[Start of section]

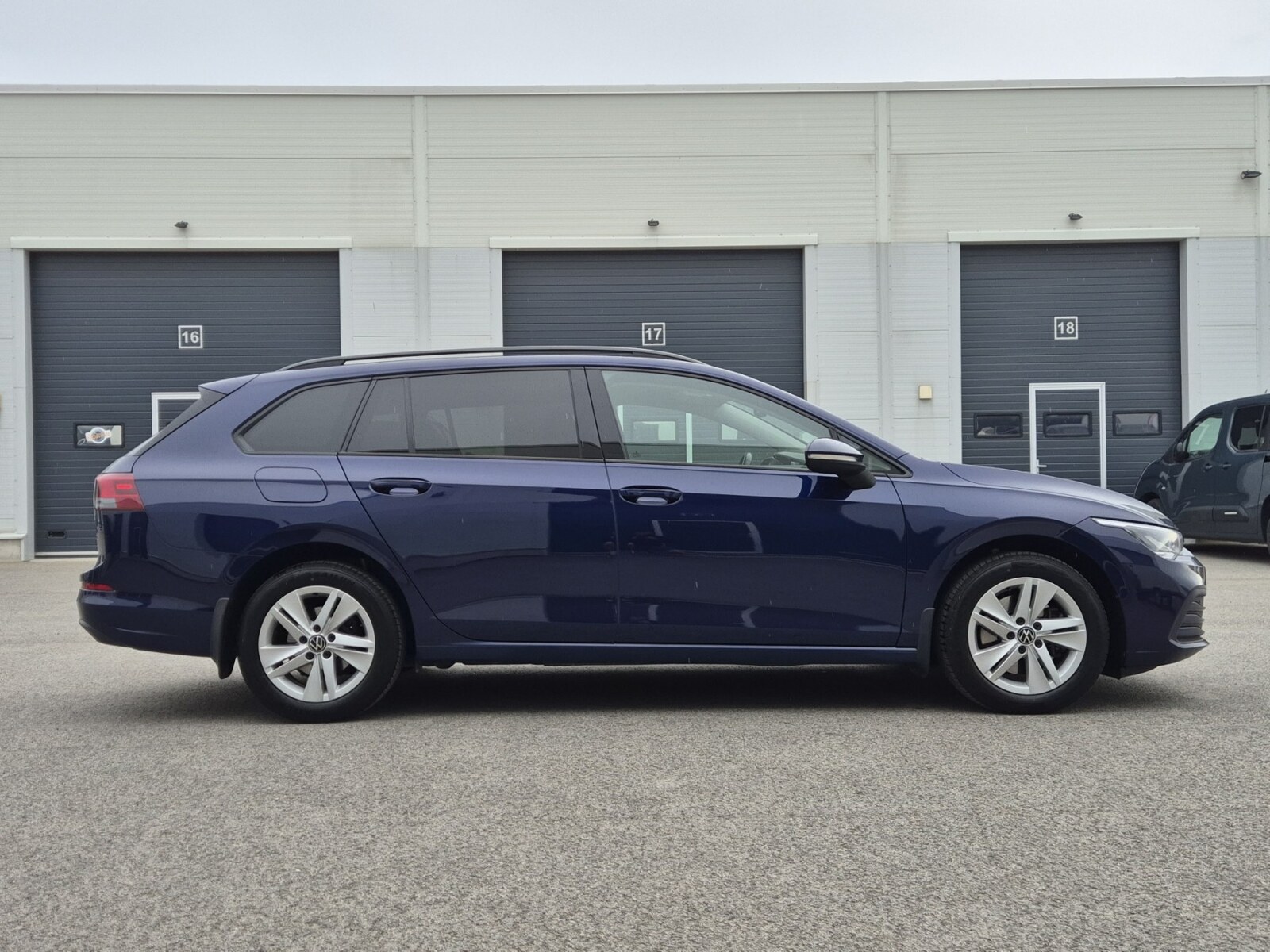 Volkswagen Golf 2023, photo 5/10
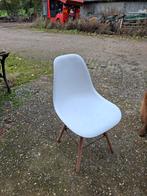 Witte Eames-stijl stoel, Hout, Wit, Ophalen of Verzenden, Zo goed als nieuw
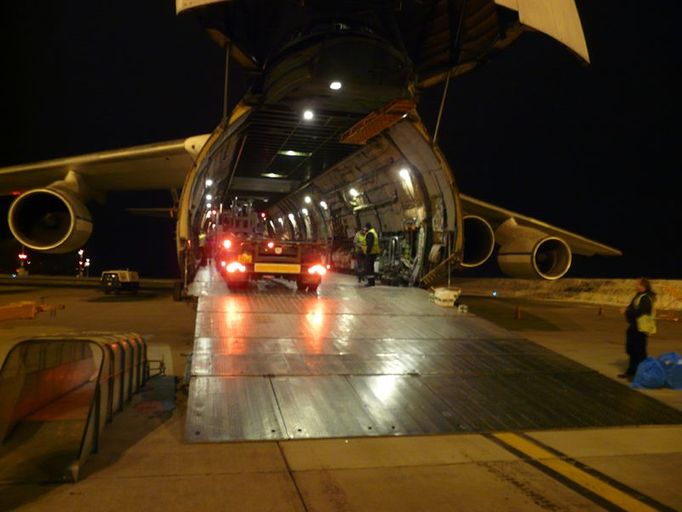 Technika českých vojáků postupně mizí v útrobách velkokapacitního letounu An-124 Ruslan.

[End of section]

TASK GOAL: For this exercise, restate the material exactly and skip every picture.

SOLVED PROBLEM:
 Volkswagen Golf 2023, photo 5/10
 Witte Eames-stijl stoel, Hout, Wit, Ophalen of Verzenden, Zo goed als nieuw
 Technika českých vojáků postupně mizí v útrobách velkokapacitního letounu An-124 Ruslan.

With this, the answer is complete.